▶ **Task description**
Among the entries below, copy only the span from the line containing "Паслен темноплодный Тыква на палочке" through the line containing "Oldenburg Schoolng Dressage". Do so exactly, and skip the pictures.

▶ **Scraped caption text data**
===============
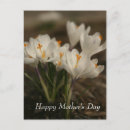 Suche nach krokus postkarten Mutter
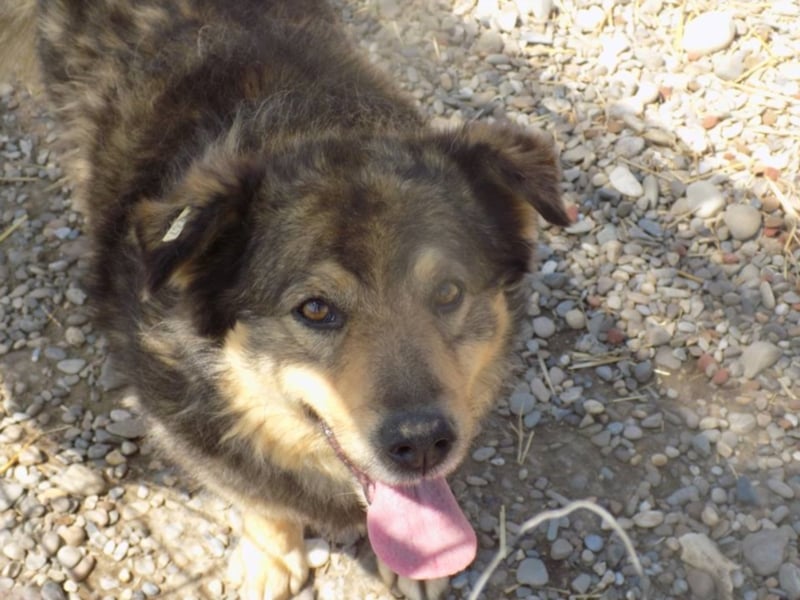 Senior Falco wartet aufs Ticket!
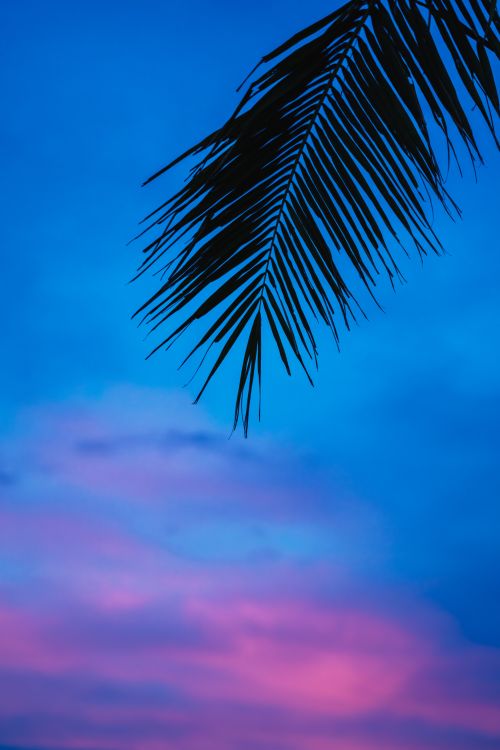 Free Silhouette of palm leaf with a vibrant background of pink and blue sunset sky, creating a tropical, serene ambiance. Stock Photo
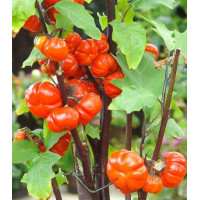 Паслен темноплодный Тыква на палочке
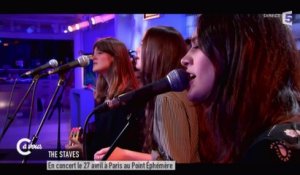 The Staves " Teeth White" - C à vous - 26/03/2015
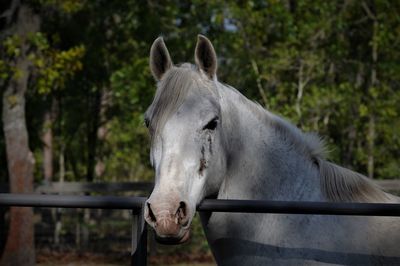 Close-up of horse in ranch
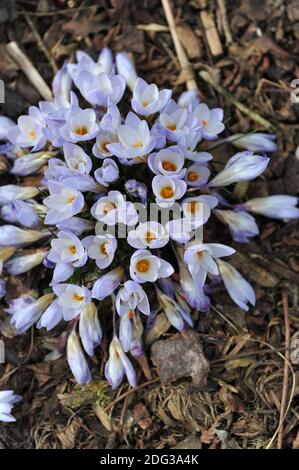 Crocus Blue Pearl blüht im März in einem Garten Stockfoto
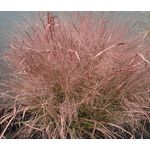 Love Grass Purple Seeds - Eragrostis Spectabilis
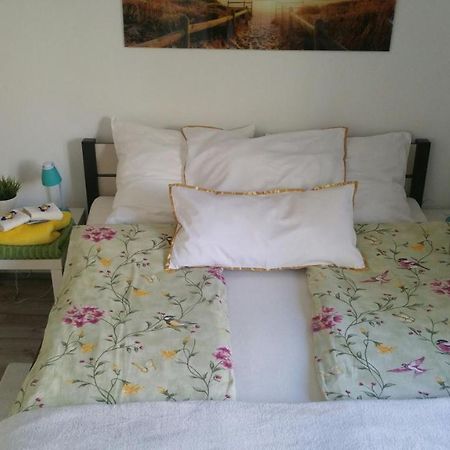 Zacisze Starowki Apartment Stary Toruń Exterior foto
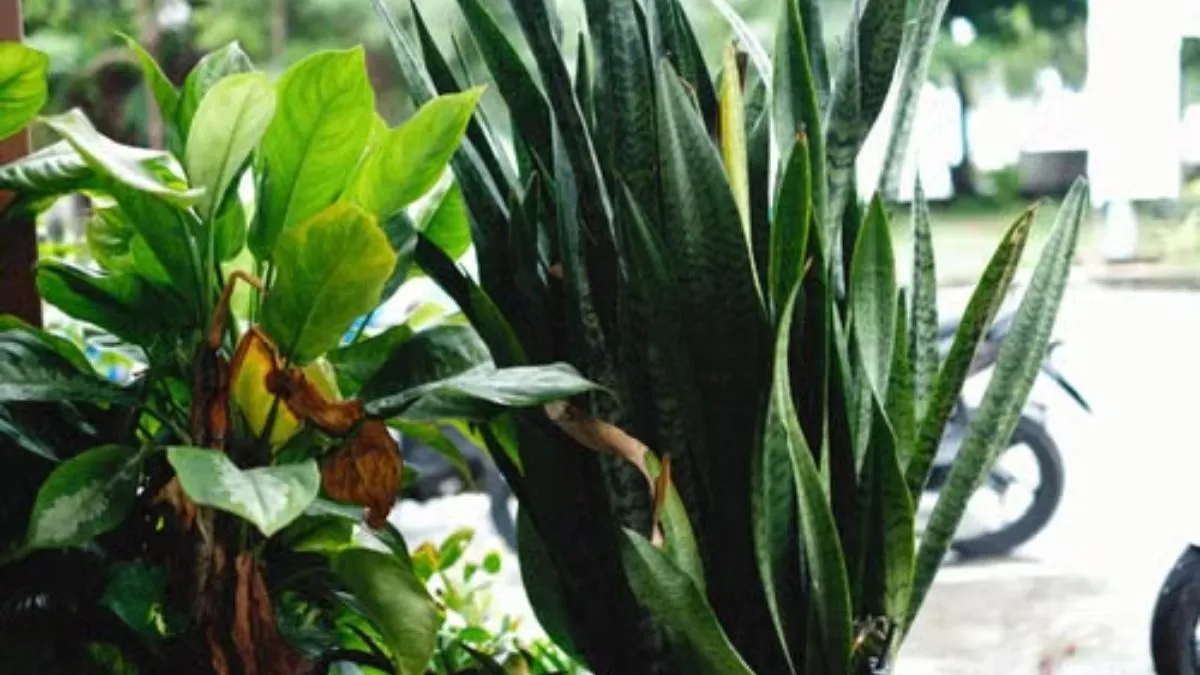 low maintenance plants for balcony (1)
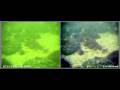 videos de VideoRay Side-by-side Comparison with LYYN Video Enhancement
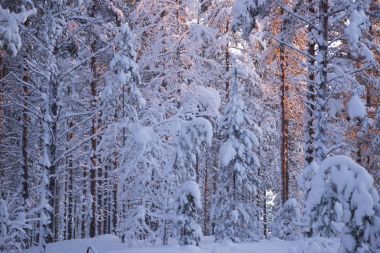 the winter in swedish Lapland clipart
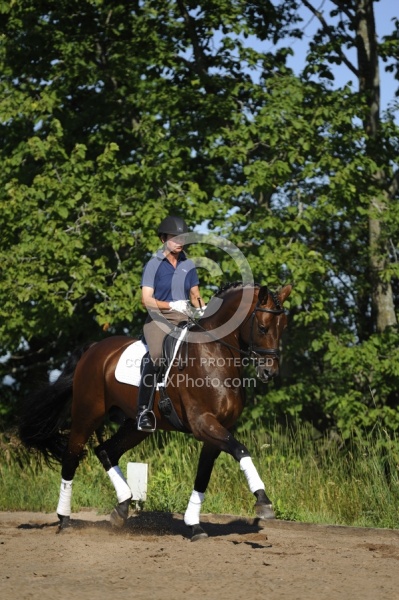 Oldenburg Schoolng Dressage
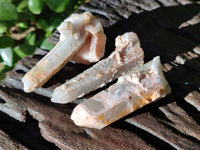 Natural Green Chlorite Centered Fairy Spirit Quartz Crystals x 43 From Madagascar - Toprock Gemstones and Minerals 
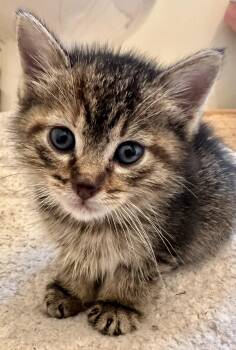 Tabby Cats Available for Adoption in Wayne, New Jersey - Rosemary | PetCurious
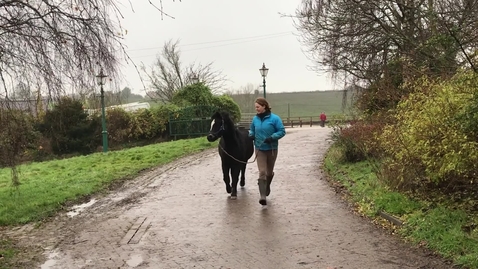 Thumbnail for Gait analysis of the horse: Clip 4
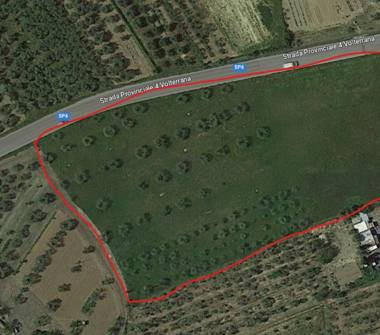 Terreno Agricolo/Coltura in vendita a Gambassi Terme (Firenze)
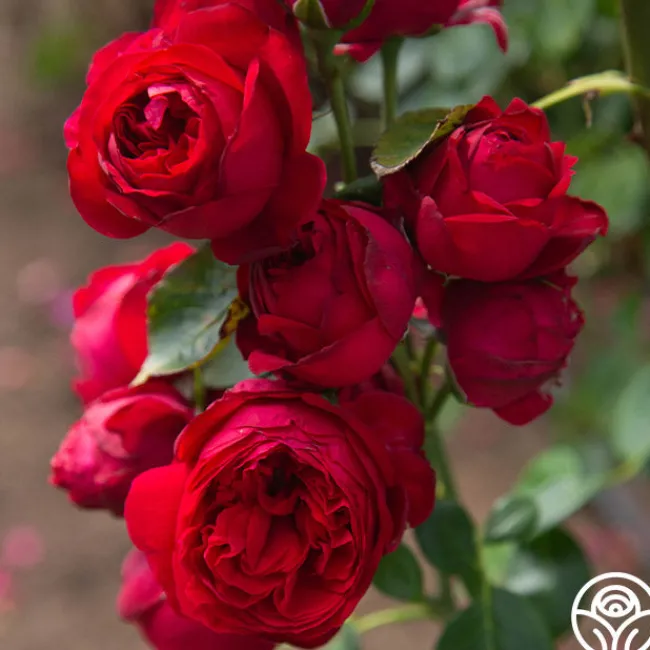 Red Eden®>Heirloom Roses Best
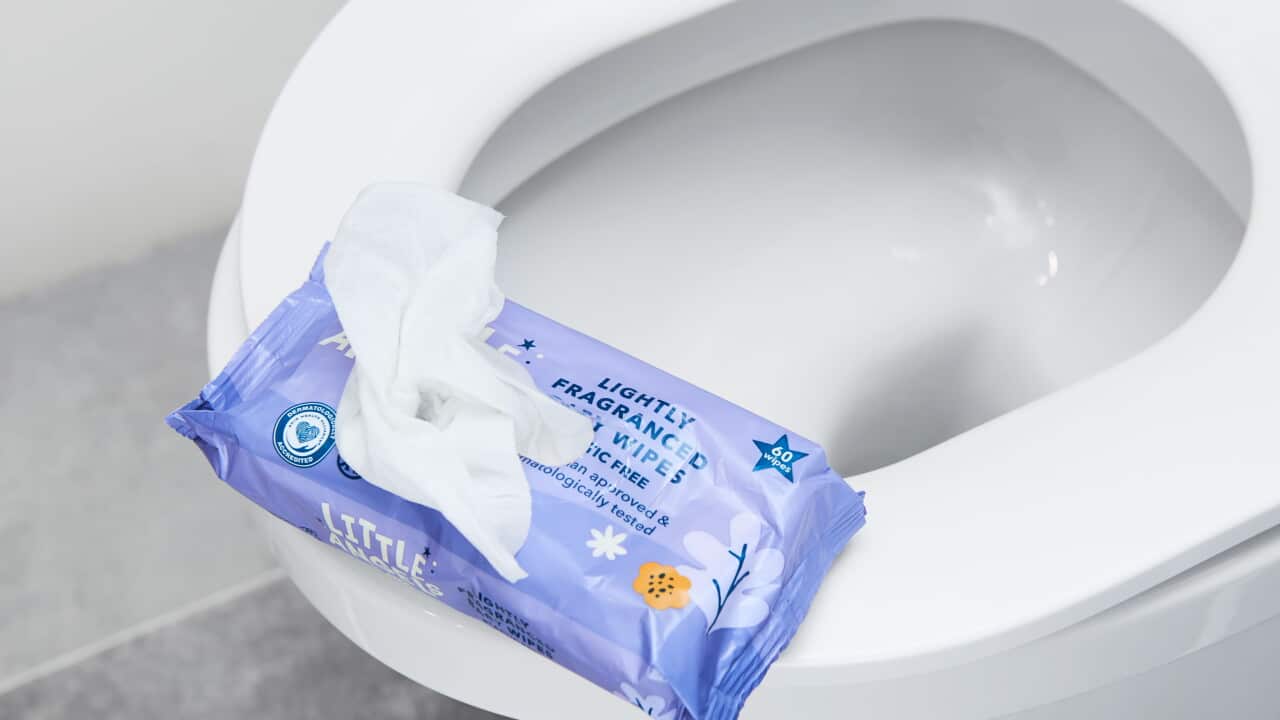 Wet wipes on toilet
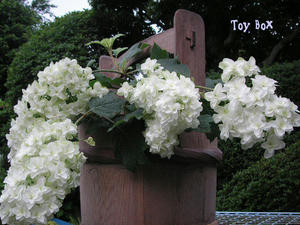 20090623.jpg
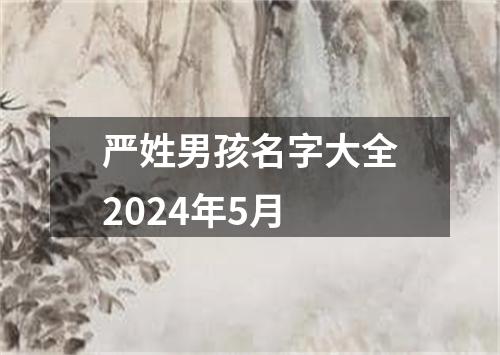 严姓男孩名字大全2024年5月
===============
▶ **Reply**
 Паслен темноплодный Тыква на палочке
 The Staves " Teeth White" - C à vous - 26/03/2015
 Close-up of horse in ranch
 Crocus Blue Pearl blüht im März in einem Garten Stockfoto
 Love Grass Purple Seeds - Eragrostis Spectabilis
 Zacisze Starowki Apartment Stary Toruń Exterior foto
 low maintenance plants for balcony (1)
 videos de VideoRay Side-by-side Comparison with LYYN Video Enhancement
 the winter in swedish Lapland clipart
 Oldenburg Schoolng Dressage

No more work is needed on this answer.